Une grossesse indésirable

"Du ridicule, ni les titres ni les diplômes ne protègent". Voici une parole qui, en ce jour de 1728, fut probablement longuement méditée par l'ensemble du microcosme médical strasbourgeois. Il s'en fallut d'ailleurs de peu pour, que de grotesque, l'histoire ne se transforma en un véritable scandale publique. Grâce à l'intervention rapide des magistrats la rumeur parvint, heureusement, à être circonscrite à l'enceinte des Hospices Civils.

Tout avait commencé en 1688. Cette année là, une certaine Anne-Marie Salomé venait de souffler ses 24 bougies, quand elle se rendit compte qu'elle était enceinte. Le père, un soldat du régiment, s'était éclipsé sitôt son "chargeur vidé".
A cette époque, le sort des filles-mères était peu enviable. Rejetées par leur famille et par la société, elles étaient la cible des critiques les plus acerbes et des injures les plus odieuses.

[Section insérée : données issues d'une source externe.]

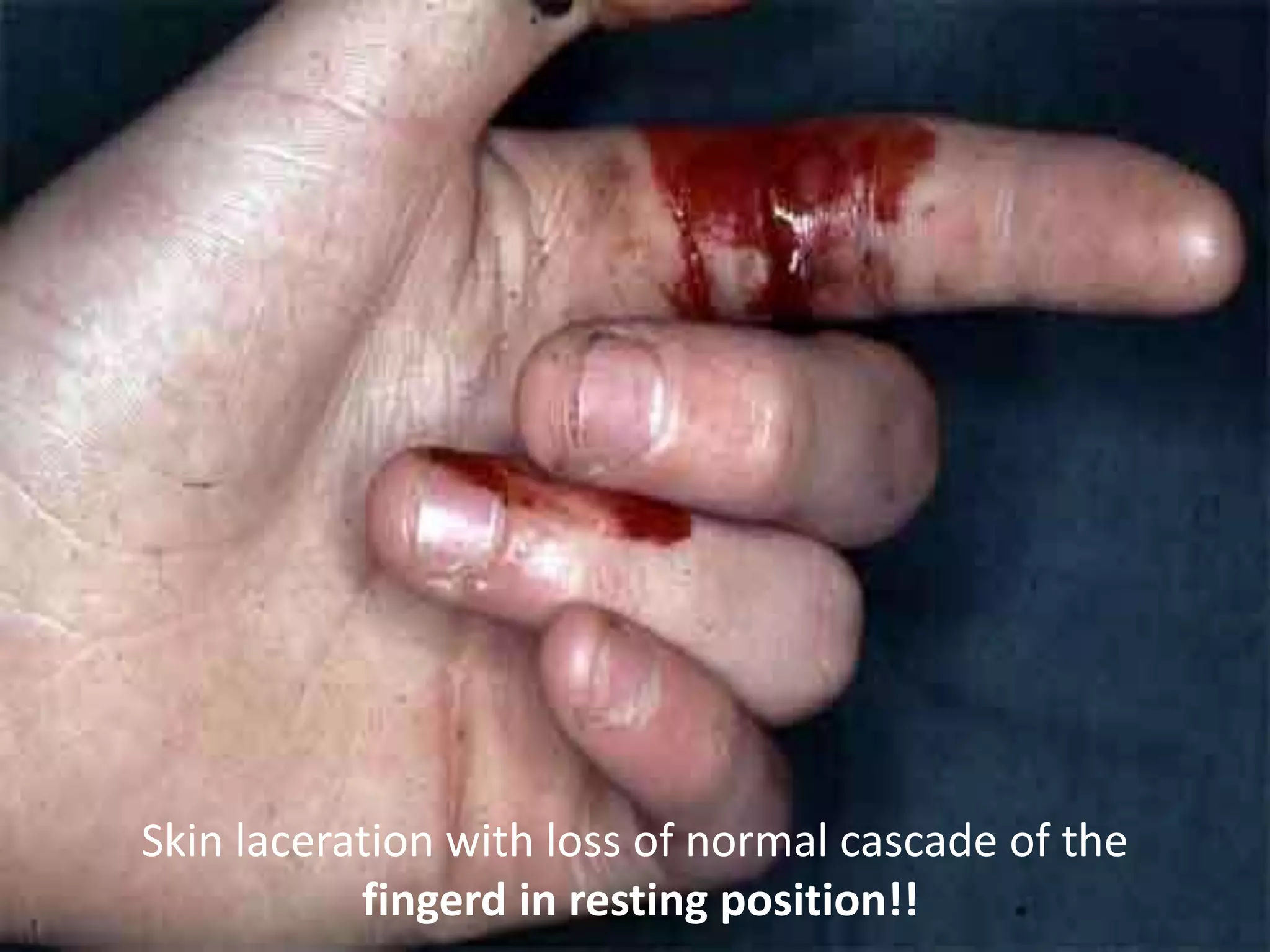 Skin laceration with loss of normal cascade of the
           fingerd in resting position!!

Anne-Marie parti donc discrètement accoucher à la campagne. De retour en ville, elle décida de se venger des offenses que lui avait fait subir son entourage. Elle prit un ballot de linge, le roula en boule et le coinça sous ses habits. Son accouchement ayant eut dans le plus grand secret, personne ne remarqua le subterfuge.
Pendant deux ans, Anne-Marie, promena son énorme ventre de parturiente, aux quatre coins de la ville. D'abord sifflée et raillée par les autres femmes, elle finit par s'attirer leur compassion. Il faut dire que cette situation commençait à devenir très pénible pour la "pauvre" Marie. Son ventre la lançait en permanence et les douleurs se faisaient, chaque jours, plus intenses.

Un beau jour, l'histoire parvint aux oreilles des plus hautes instances médicales de la ville. Séance tenante, ces éminents messieurs firent venir la "curiosité". Honneur et renommée était assurés ! Avec un tel cas pathologique, la faculté de médecine de Strasbourg (et, avec elle, ses plus fidèles serviteurs) était assurée de devenir rapidement, l'épicentre de la médecine européenne.
Sitôt la patiente arrivée, on s'empressa de lui faire subir quelques examens de routine, en "surface". Mais, quand on l'invita à se dévêtir, pour "entrer dans le vif du sujet", la jeune femme refusa de se dénuder, prétextant une nature profondément pudique.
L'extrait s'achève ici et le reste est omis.